About a month ago, I penned what turned out to be the second most popular article that I had ever written, and it was called "Apple Does Something Amazing". In this piece, I did what I believed to be an accurate representation of Intel's (NASDAQ:INTC) "Bay Trail" chip for tablets against Apple's (NASDAQ:AAPL) Cyclone core found inside of the A7 SoC which itself is found inside of its iPhone 5s (as well as the iPad Air and iPad mini with Retina Display). The conclusions that I came to were the following:
- On a per core basis, A7 was on the order of 50% faster than Intel's Z3770
- On a 4 cores against 2 cores compare, Intel's Z3770 was slightly faster
- Apple had done something truly remarkable
Since that time, I have conducted a more thorough investigation and would like to update my conclusions. I'll spoil it upfront, though, for those who do not wish to read the entire article:
- On a per core basis, Apple's A7 is still meaningfully faster than Intel's Silvermont, although not by as much as I had originally seen
- On a multi-core compare (4 Silvermont against 2 Cyclone cores), Intel offers more performance in tablet power envelopes
- Apple's chip offers superior GPU performance, but the delta is not large (and the comparison may not even be fair/apples-to-apples)

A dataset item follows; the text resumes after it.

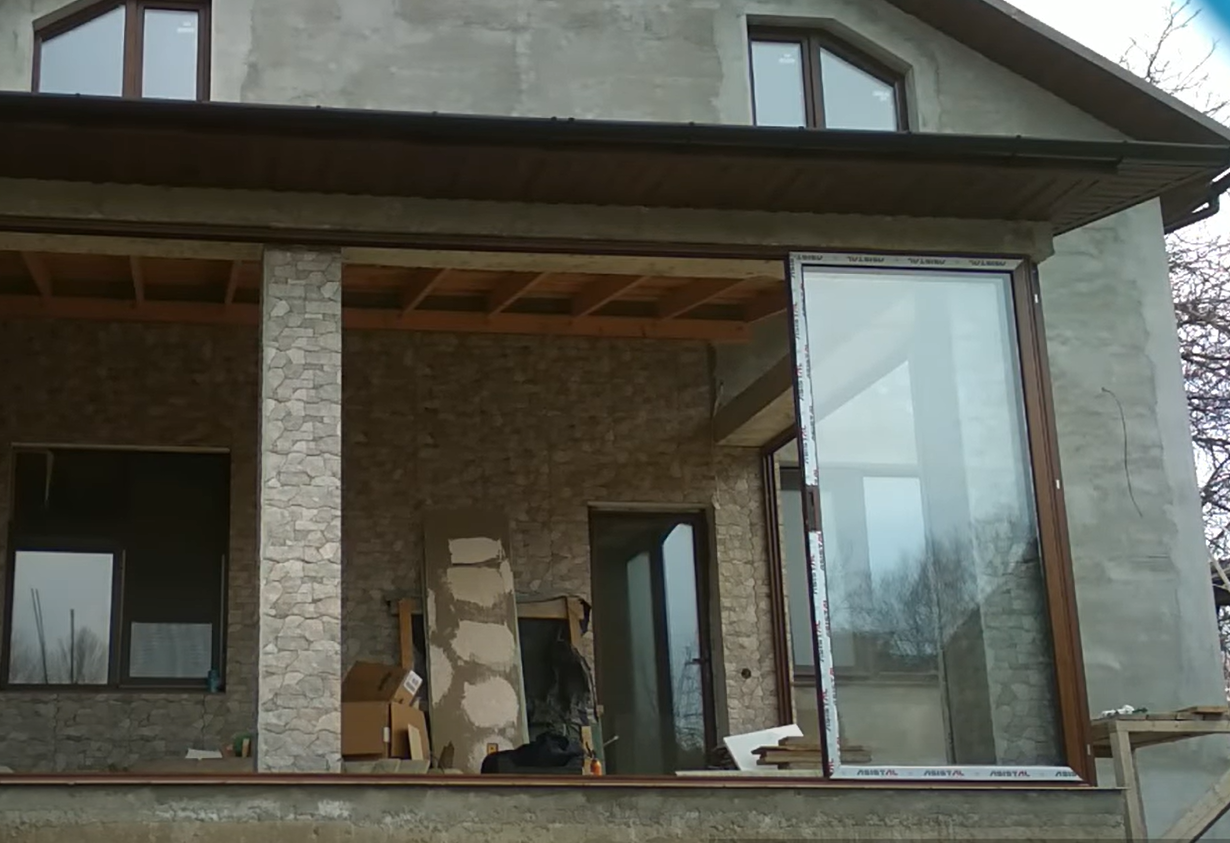 Панорамное остекление беседки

In short, I have been able to - with much thanks to John Poole, founder of Primate Labs (the folks who write Geekbench) - get a much better picture of exactly what's going on with the performance numbers of these chips and to frame them in a better context.
Before we go any further, understand that I own shares of Intel and have no position in Apple, but do have a deep respect for both companies. I am not in the business of attempting to twist reality to fit what I "want" to happen, but am instead interested in ascertaining the cold, hard truth - whether it suits my stock positions or not. If I find something that contradicts a thesis of mine, I will have absolutely no problem issuing a note to my readers to that effect.
With that out of the way, I wish to provide an update on A7 versus Z3770 and to then consider the longer-term implications that can be reasonably extrapolated from the current trends.
Testing A Hypothesis
Stepping back a bit, it's important to understand a little bit about how software works. When a programmer sits down to write code in a language such as C or C++, this code actually looks a lot like English. The CPU understands not a word of it until it is translated into the low-level machine language that the CPU can understand. The tool that does this translation is known as a compiler.
Now, not all compilers are created equally, and not all projects compiled with the same compiler will perform the same, as developers can choose to set "flags" for the compiler to tell it what to optimize for and what to target. When I did the comparison of Intel's Z3770 against Apple's A7, I noted the following:
- The Intel chip, on Windows, was running code compiled with Microsoft's Visual Studio 2012
- The Apple chip, on iOS, was running code compiled with Apple's modified version of the GNU Compiler Collection compiler ("GCC")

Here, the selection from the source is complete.